CCP Corpus
What is the CCP Corpus?
The CCP Corpus provides easy access to our growing collection of transcribed minutes and proceedings of the Colored Conventions.
The Colored Conventions Project seeks to bring the buried history of nineteenth-century Black organizing to digital life. Part of this work is enabling researchers to look for patterns across this broad, rich history in the language of the minutes themselves. These transcriptions are made possible by the dedicated volunteers of the CCP Transcribe Minutes initiative.
The CCP Corpus is designed to be easy to use in most large text-analysis applications, from Voyant Tools to topic modeling, the Natural Language Toolkit, or natural language processing.
By clicking the button below, I commit to the principles:
- I honor CCP’s commitment to a use of data that humanizes and acknowledges the Black people whose collective organizational histories are assembled here.
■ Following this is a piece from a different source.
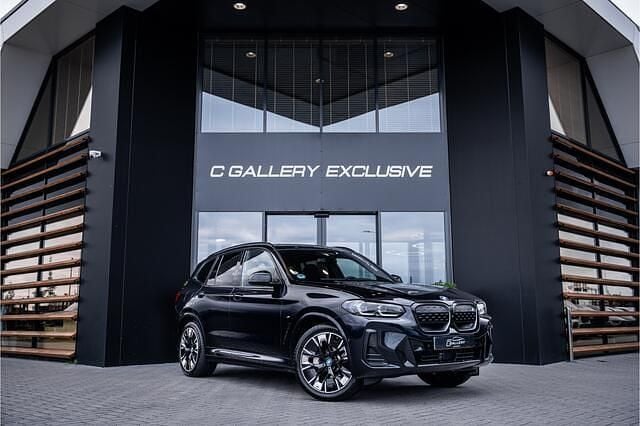 Zwart Gebruikt 2024 BMW iX3 Executive SUV | € 49.995 (Goede deal) - Afbeelding 1/4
Although the subjects of datasets are often reduced to abstract data points, I will contextualize and narrate the conditions of the people who appear as “data” and to name them when possible.
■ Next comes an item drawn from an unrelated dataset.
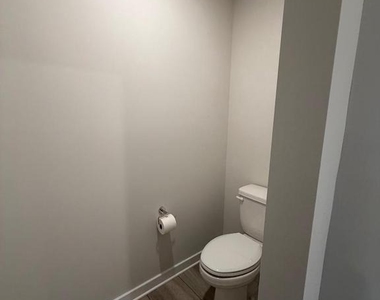 903 Platinum Drive - Photo Thumbnail 19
- I will include the above language in my first citation of any data I pull/use from the CCP Corpus.
- I will be sensitive to a standard use of language that again reduces 19th-century Black people to being objects. Words like "item" and "object,” standard in digital humanities and data collection, fall into this category.
- I will acknowledge that Colored Conventions were produced through collectives rather than by the work of singular figures or events.
- I will fully attribute the Colored Conventions Project for corpora content.
How do I use it?
As the CCP remains committed to the large-scale recovery of the convention minutes, please be aware that this collection is as yet incomplete. All uses of these materials published online or in print should indicate the provisional nature of the CCP Corpus. The CCP Corpus will grow significantly with the progress of Transcribe Minutes. Each updated version will be titled with the year and month last updated (i.e. 2015-11-CCP-Corpus.zip).
The downloaded zip file includes:
- A folder with all of the minutes in plain-text format.
- A table of contents in CSV form with relevant event and bibliographic data for each of the minutes.
- A text file named "Read Me" with notes about updates, permissions and citation guidelines.
The table of contents describes each of the texts in the collection, with a unique file id, public url, and event start date. Additional metadata is available upon request.
The Read Me file provides details about the collection's updates, reproduction permissions and guidelines on how to cite the CCP Corpus.
Feedback
We are eager to promote innovative uses of the convention minutes. If you are using these materials, or have any feedback to improve the CCP Corpus, please contact us at info {at} coloredconventions.org.
Copyright Statement
The Colored Conventions Project Corpus is being released under a Creative Commons Attribution-NonCommercial 4.0 International License. Please credit the Colored Conventions Project for providing access to these materials.